LISTED RECORDS:
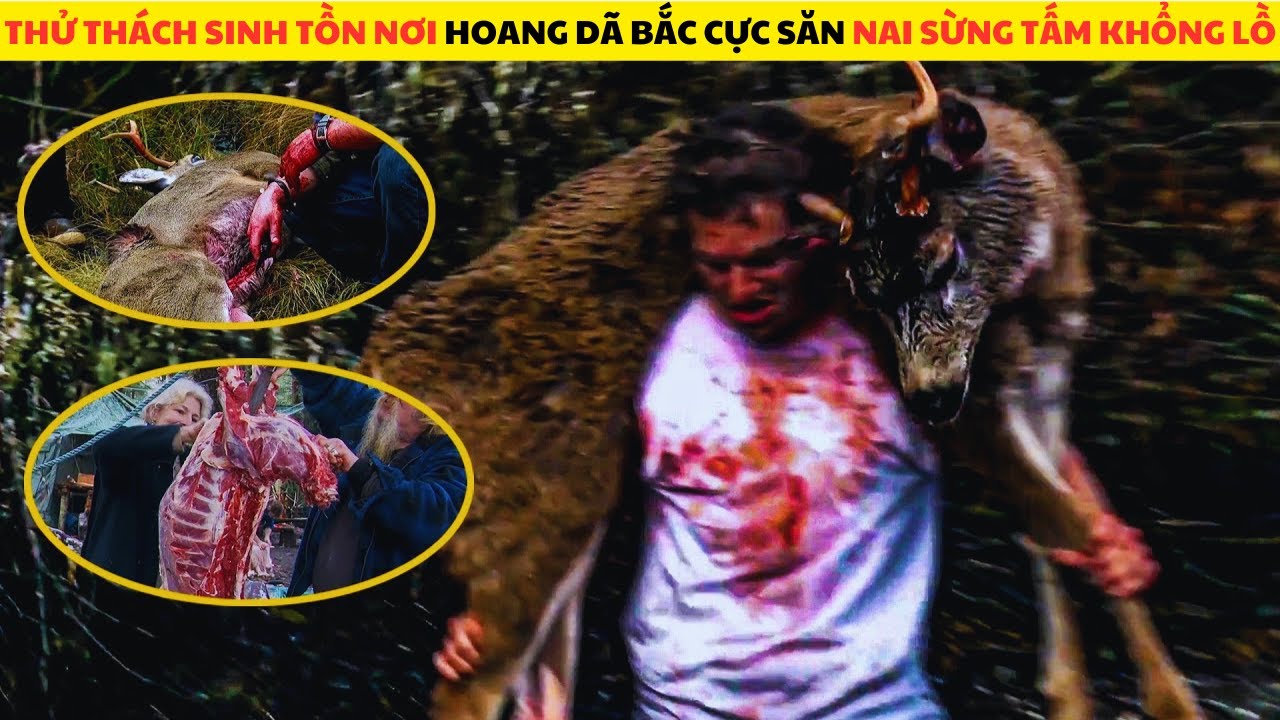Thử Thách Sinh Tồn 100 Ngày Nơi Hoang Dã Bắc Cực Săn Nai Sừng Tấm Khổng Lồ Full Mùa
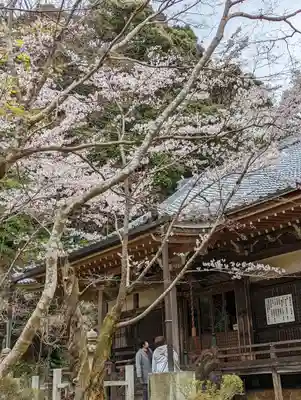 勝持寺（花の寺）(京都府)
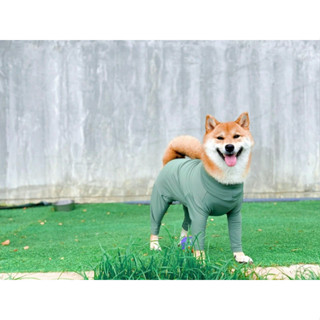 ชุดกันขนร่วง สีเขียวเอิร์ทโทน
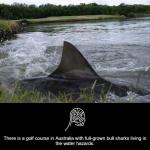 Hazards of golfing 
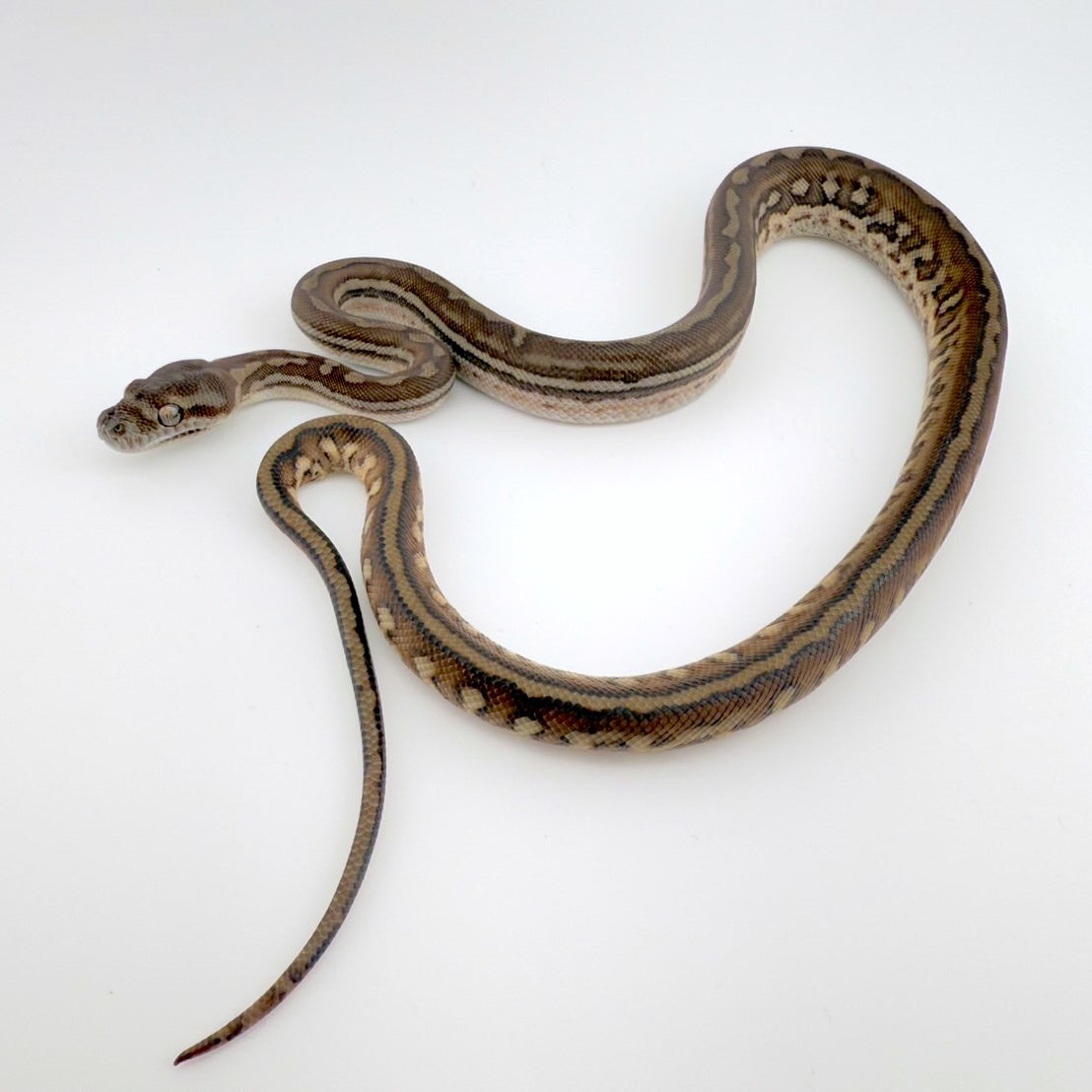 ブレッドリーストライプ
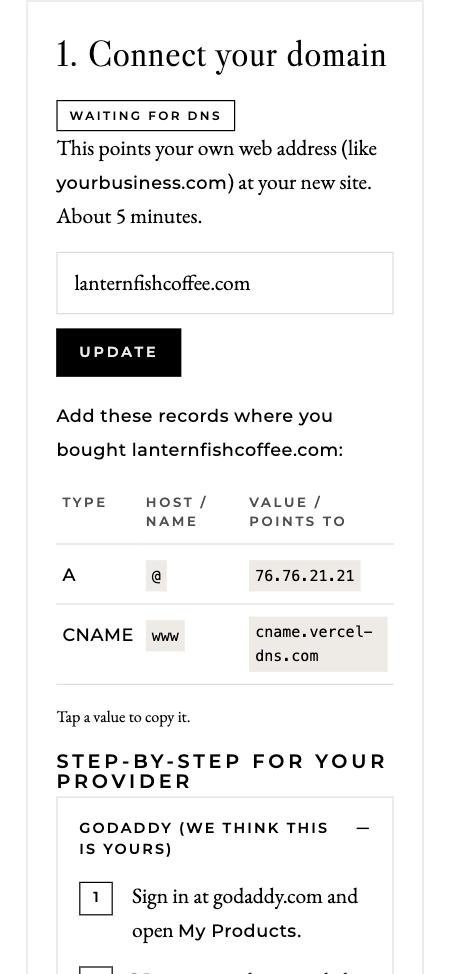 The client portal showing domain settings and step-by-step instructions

ABOUT THIS TASK:
Only exact copies are wanted here. Write out the lines from the one containing "勝持寺（花の寺）(京都府)" through the end of the material and no others, omitting all pictures.

PROBLEM SOLUTION:
 勝持寺（花の寺）(京都府)
 ชุดกันขนร่วง สีเขียวเอิร์ทโทน
 Hazards of golfing 
 ブレッドリーストライプ
 The client portal showing domain settings and step-by-step instructions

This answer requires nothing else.